2025-04-17 中国科学院(CAS)
<関連情報>
- https://english.cas.cn/newsroom/research_news/earth/202504/t20250417_1041473.shtml
- https://agupubs.onlinelibrary.wiley.com/doi/10.1029/2024JH000507
ハイブリッド風速場を用いた台風による高潮予測のための機械学習技術 Machine Learning Techniques for Predicting Typhoon-Induced Storm Surge Using a Hybrid Wind Field
Changyu Su, Bishnupriya Sahoo, Miaohua Mao, Meng Xia
Journal of Geophysical Research: Machine Learning and Computation Published: 10 April 2025
DOI:https://doi.org/10.1029/2024JH000507
Abstract
Accurate and timely storm surge prediction is critical information in coastal zone management and risk reduction strategies. The Bohai Sea, a semi-enclosed bay in the Northwest Pacific that used to be less prone to typhoon disasters, has been witnessing a paradigm shift in typhoon activities in the recent past. Since there have been limited typhoon-induced storm surges in the Bohai Sea, an innovative prediction system is warranted to address frequent and intense typhoon-induced impacts. Four Machine Learning (ML) models (Long Short-Term Memory (LSTM), Convolutional Neural Networks (CNN), CNN-LSTM, and ConvLSTM) were built to predict storm surges and significantly improve prediction when combined with a three-dimensional Finite Volume Community Ocean Model (FVCOM), that is, FVCOM-ML. In this study, the FVCOM-ML model was driven by a hybrid wind field that superimposed the Holland wind and the reanalysis wind field.

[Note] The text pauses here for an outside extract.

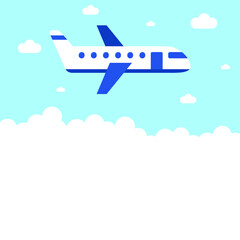 A plane flying over clouds. Flat design.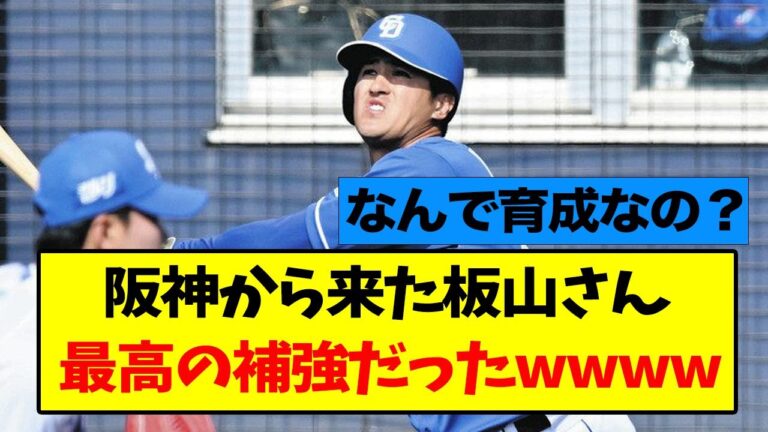 元阪神・板山、もう大爆発するwww【なんJ】【中日】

The ML models were trained via Advanced Circulation Model simulations to compensate for the limited in-situ observations. The prediction performances were analyzed for both spatial (e.g., single and multiple sites) and temporal (e.g., single and multiple steps) scale variability. ML is trained to overcome the residual error of the FVCOM, effectively reducing the inherent uncertainty of traditional methods. FVCOM-ML offers a significant advantage over standalone FVCOM or ML while better incorporating realistic physical constraints and improving the accuracy of storm surge forecasts.
Key Points
- Hybrid winds generated by superimposing reanalysis winds, typhoon tracks, and the Holland model better characterize the typhoon wind field
- The integrated models (CNN-LSTM and ConvLSTM) predict storm surges with 18% greater accuracy than the individual models (Long Short-Term Memory and Convolutional Neural Networks)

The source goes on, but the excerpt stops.